# Closing one eye?



## 1ELKAHOLIC (Dec 8, 2010)

Nearing 40 my eyes are failing. Up until last year I shot with both eyes open and shot well, but last year I began closing one eye to be able to make out my pins better. With both eyes open My pins would blur to the point I had a hard time telling them apart. About the same time I began to have trouble with TP. Yesterday in my shop I shot with both eyes open again and it calmed me down to where there was no trace of panic. My pins were blurry but since I was using my top pin at 20 yards I could do it. I have tried every option with lenses and peeps that I can think of but I'm not satisfied with the results. I can ether see the target clear (ish) with star bursting pins that blur together or my pins clear and a blurry target. 
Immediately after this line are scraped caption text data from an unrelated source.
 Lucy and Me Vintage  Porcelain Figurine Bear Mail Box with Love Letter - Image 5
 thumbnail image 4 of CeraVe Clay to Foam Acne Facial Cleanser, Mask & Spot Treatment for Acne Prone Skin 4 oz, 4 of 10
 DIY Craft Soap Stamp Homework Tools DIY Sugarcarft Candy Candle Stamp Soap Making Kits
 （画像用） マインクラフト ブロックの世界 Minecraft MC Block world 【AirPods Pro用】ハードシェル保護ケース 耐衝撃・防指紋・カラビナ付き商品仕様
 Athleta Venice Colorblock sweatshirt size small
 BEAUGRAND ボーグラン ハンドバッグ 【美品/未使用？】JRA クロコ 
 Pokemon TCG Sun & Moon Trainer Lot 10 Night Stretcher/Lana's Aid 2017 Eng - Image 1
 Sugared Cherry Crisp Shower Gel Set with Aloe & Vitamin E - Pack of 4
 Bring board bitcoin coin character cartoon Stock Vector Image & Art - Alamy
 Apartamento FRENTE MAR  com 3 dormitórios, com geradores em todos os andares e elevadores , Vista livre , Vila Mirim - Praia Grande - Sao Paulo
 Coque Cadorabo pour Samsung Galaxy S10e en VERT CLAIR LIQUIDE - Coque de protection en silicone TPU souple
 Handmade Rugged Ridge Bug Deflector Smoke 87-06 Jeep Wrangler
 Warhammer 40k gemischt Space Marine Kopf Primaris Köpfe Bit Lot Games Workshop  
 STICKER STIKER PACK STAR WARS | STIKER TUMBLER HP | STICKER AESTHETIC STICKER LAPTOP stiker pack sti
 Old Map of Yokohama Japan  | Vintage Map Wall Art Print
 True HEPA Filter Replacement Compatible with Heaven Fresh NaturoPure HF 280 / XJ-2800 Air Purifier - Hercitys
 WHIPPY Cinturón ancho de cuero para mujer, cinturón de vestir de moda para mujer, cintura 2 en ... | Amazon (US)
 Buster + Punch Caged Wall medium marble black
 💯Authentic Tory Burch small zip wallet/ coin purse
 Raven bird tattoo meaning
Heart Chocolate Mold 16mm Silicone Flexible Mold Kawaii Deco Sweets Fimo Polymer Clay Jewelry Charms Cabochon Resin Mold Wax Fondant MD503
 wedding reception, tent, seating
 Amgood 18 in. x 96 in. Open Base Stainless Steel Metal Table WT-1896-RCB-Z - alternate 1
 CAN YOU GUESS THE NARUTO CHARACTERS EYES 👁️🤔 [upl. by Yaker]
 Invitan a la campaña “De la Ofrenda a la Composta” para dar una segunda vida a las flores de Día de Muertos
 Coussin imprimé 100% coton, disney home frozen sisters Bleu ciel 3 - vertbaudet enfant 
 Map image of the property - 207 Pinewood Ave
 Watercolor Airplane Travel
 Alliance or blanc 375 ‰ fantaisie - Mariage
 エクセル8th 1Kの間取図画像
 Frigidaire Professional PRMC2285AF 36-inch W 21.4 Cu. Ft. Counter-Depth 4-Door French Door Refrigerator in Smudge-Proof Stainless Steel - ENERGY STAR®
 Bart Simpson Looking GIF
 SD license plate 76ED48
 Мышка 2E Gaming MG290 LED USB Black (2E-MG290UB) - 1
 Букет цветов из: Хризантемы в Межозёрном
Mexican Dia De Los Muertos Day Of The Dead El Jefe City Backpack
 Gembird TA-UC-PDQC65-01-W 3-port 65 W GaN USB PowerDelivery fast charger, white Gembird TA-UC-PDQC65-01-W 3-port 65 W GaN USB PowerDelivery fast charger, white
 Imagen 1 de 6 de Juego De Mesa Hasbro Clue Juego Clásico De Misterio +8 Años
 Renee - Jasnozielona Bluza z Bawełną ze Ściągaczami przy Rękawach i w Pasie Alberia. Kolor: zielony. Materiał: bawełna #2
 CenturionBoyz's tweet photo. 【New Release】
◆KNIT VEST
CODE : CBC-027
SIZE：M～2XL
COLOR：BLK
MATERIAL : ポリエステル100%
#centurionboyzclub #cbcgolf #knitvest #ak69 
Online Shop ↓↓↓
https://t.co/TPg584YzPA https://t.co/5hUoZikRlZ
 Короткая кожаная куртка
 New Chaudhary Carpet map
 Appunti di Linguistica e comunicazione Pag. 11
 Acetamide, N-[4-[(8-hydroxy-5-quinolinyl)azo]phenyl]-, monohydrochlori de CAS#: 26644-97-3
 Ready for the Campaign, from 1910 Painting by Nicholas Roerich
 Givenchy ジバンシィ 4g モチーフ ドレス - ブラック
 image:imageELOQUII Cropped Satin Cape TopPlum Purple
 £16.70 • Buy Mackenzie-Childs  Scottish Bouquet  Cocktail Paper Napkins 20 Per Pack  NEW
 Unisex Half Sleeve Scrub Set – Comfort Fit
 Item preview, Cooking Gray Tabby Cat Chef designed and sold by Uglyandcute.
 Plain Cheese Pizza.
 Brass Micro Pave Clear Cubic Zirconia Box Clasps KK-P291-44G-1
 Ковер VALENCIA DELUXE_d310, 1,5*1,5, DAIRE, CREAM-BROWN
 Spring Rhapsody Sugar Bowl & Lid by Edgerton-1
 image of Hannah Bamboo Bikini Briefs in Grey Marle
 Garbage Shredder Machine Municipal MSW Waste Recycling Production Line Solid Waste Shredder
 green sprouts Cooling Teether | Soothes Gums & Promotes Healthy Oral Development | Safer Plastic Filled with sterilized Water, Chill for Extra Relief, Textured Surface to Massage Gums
With all I have tried. NO lenses clairifiers or verifiers seems to work best for me. Just plain sights and peep.

My question is should I try to go back to both eyes open or not. Have y'all heard of closing one eye causing TP? 

What advice can you give me? Thanks.


----------



## da white shoe (Mar 10, 2009)

If you're a bowhunter, I think that there is a real advantage to shooting with both eyes open... *IF* you never have trouble with your non-dominate eye taking over when you're aiming. Both eyes open will give you a much greater field of view to see that hidden branch in your sight picture or that doe that is about to step in line with your shot. Shooting a walking deer with one eye closed? Forget it!

For a target archer... I would think that either way can work well, depending on the shooter, but then again, I'm not a target archer.

I do know that, for me, there is a certain amount of panic that can set in while aiming with one eye closed in a hunting situation. I'm not sure why this happens to me, but I know that I have felt it and now I train to keep both eyes open on every shot.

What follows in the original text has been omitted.